Display the entire IWP layer

PermafrostDiscoveryGateway / pdg-portal

Design and mockup documents for the PDG portal

Apache License 2.0

0 stars 0 forks source link

Display the entire IWP layer #24

Open robyngit opened 2 years ago

robyngit commented 2 years ago

This issue is to track the progress of generating web tiles & 3dtiles for the entire Ice Wedge Polygon dataset

robyngit commented 2 years ago

Reminders:

[ ] Update the configuration to remove the Type property once https://github.com/PermafrostDiscoveryGateway/viz-staging/issues/8 is complete
[x] Update the configuration to keep duplicates in the archived geopackage tiles once https://github.com/PermafrostDiscoveryGateway/viz-staging/issues/9 is complete

julietcohen commented 1 year ago

High Ice IWP run 2/21 - Out of memory error on Delta error cancelled staging

scheduled job to process all shapefiles for Alaska, Canada, & Russia on 5 nodes, 24 hours
used modified viz-raster to avoid ray error and still be able to write raster_summary.csv to update ranges in web tiling step

Staging

files written to /tmp on each node.
CPU usage looked good at the start, fluctuated between 40-60% on the head and worker nodes:
Memory usage creeped up to ~93% after staging about half of the high ice files and stabilized there. I/O wait also increased (staged files were written to /tmp slower as time went on).

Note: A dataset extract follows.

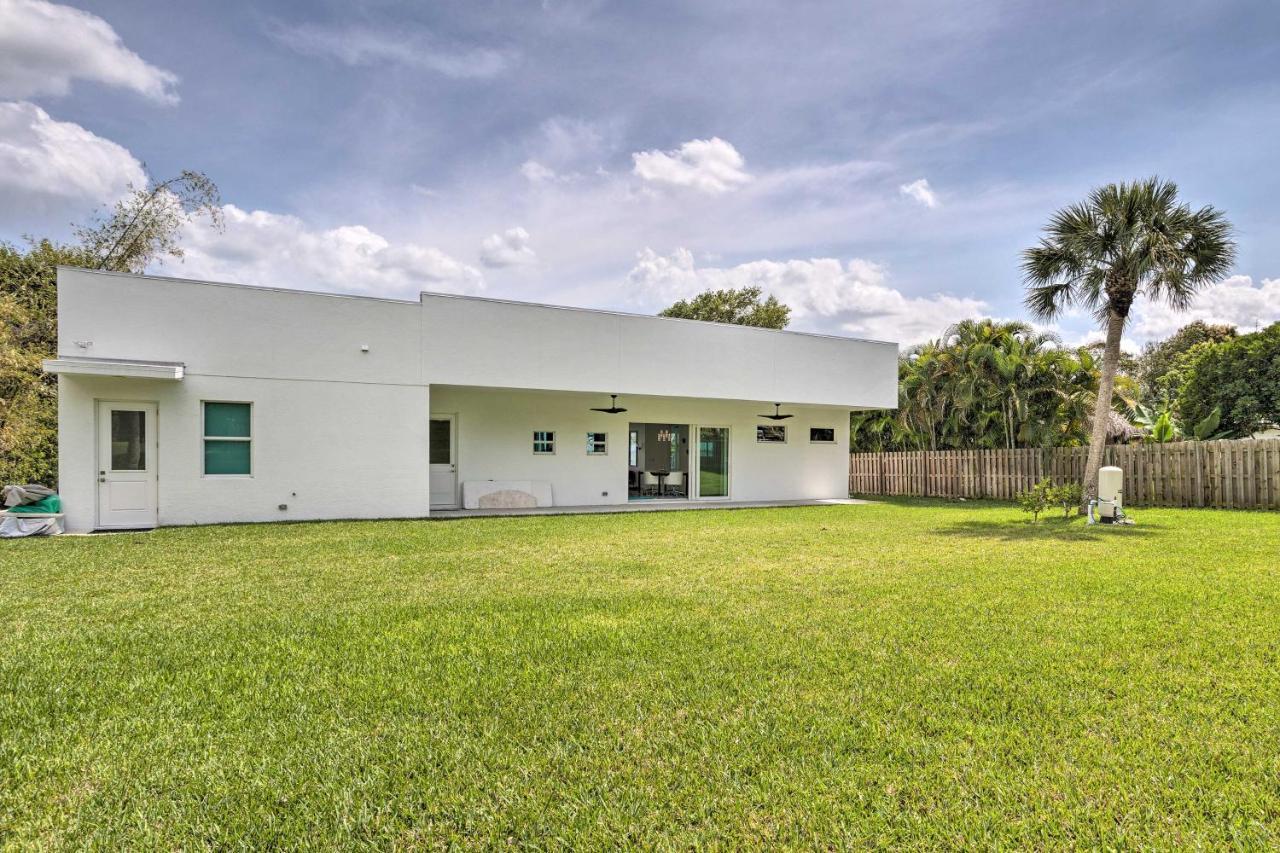 Sleek Fort Pierce Vacation Rental With Private Dock! Bagian luar foto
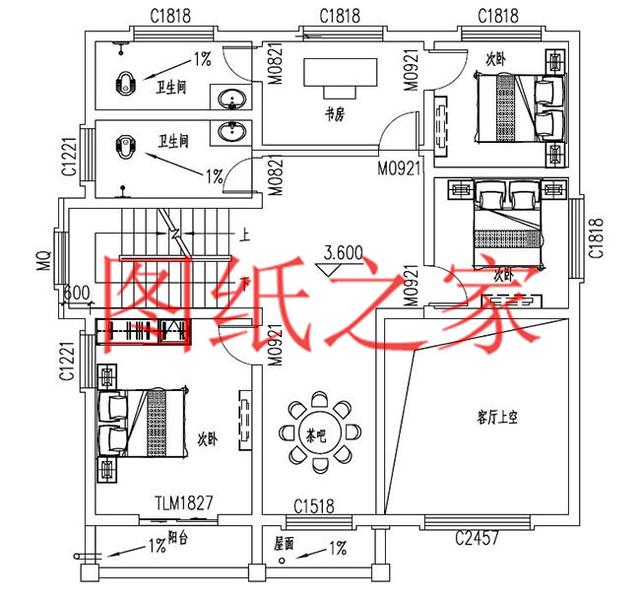 11X12米的三層別墅，多臥室還帶大露臺(tái)，溫馨又宜居！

11,954 staged files were written across all 5 nodes before the connection was lost. Total amount of files to process for high ice is 17,039.

11,954 staged files were transferred to /scratch and job was cancelled after this, ran for 4.5 hours.

julietcohen commented 1 year ago

High Ice IWP run 2/22

scheduled job to process all shapefiles for Alaska, Canada, & Russia on 11 nodes, 20 hours
increasing # of nodes hopefully decreases the amount of memory used on each node, avoiding the memory leak
could not do more nodes or hours based on the amount of CPU credits we have remaining

Staging

memory increased on each node to ~70% after processing ~50% of the files, then increased to close to 90% by the time 70% of the files were staged.
CPU is very high, started at >90% and stabilized at ~70% per node

By the time the vast majority of the files were staged, the CPU dropped to <1% on all nodes according to glances.
tmux output shows staged files are still being written quickly. Staged completed in less than 2 hours.

Merging Staged

Went well overall, got an error output, but this is the only one I saw:

By the time merging concluded, the head node contained 15,113 files (2.03 GB)

Raster Highest

Went very well, but suspiciously fast. 1.69 minutes to rasterize all 15,113 raster highest files.
3 nodes have /tmp/geotiff dirs this time, while in all my practice runs only the head node ever created a /tmp/geotiff dir 🤷🏻‍♀️

Raster Lower

Went very well, but again suspiciously fast. 5.84 minutes to rasterize all parent geotiffs.
wrote directly to scratch
total number of files in geotiff dir in all z-levels: 82,373
wrote raster_summary.csv, but messed up the formatting. This ocurred before, and is noted in an issue here. I downloaded the csv, removed the few lines that were misformatted (just split data between cells worng) and uploaded the clean version to /scratch.

Web Tiling

took 8 minutes
created 82,373 web tiles

Done!

julietcohen commented 1 year ago

Investigating the scarcity of IWP in new web tiles

The web tiles produced by the new batch of IWP data are far more scarce than the last batch of web tiles.

Old IWP Data (2022)	New IWP Data (2023)
22,319 shp files for Alaska, Canada, Russia	17,039 shp files for Alaska, Canada, Russia
4,267 for Alaska only	1,169 for Alaska only
9,606 for Canada only	7,198 for Canada only
8,446 for Russia only	8,172 for Russia only
5,356,353 web tiles	82,373 web tiles
ratio = ~240 web tiles created for every shp file	ratio = ~5 web tiles created for every shp file

Feb 22, 2023 workflow run:

staged 17,039 shp files
merging resulted in 15,113 gpkg files
- The point of merging is to combine all staged from all nodes into the head node, but we do not copy over staged files from worker nodes that are already present in the head node because that would result in overwriting the file that already exisst there. We do not want to overwrite the staged file in the head node, because even though these files may have the same name (tile ID), they may contain different polygons.
- a) If a tile does not yet exist in the head, we simply move it there.
- b) If a tile does exist in the head node, we check if the files in the nodes are identical
- c) If the tiles are identical, we just skip copying the file to the head node.
- d) If the tiles are not identical, we append the polygons into one gdf and save that file to the head node.
- This results in the number of staged tiles in the head node being the total sum of all staged tiles in all nodes minus the tiles that were already present in the head node.
raster highest produced 15,114 tif files at z-level 15
raster lower produced 82,272 tif files (sum of all z-levels)
web tiling produced 82,272 png files (sum of all z-levels)

julietcohen commented 1 year ago

Update on high, med, and low ice processing

High ice has been processed completely and is up on the production portal, with a link to the published high ice package archived on the ADC.

Low and medium ice are in progress on Delta. We upgraded the allocation to a higher tier (Explore --> Discover) and exchanged enough ACCESS credits into storage and GPU hours to process all of low and medium together, through all steps, without having to transfer files in between steps from Delta to Datateam and then remove them from Delta to save space.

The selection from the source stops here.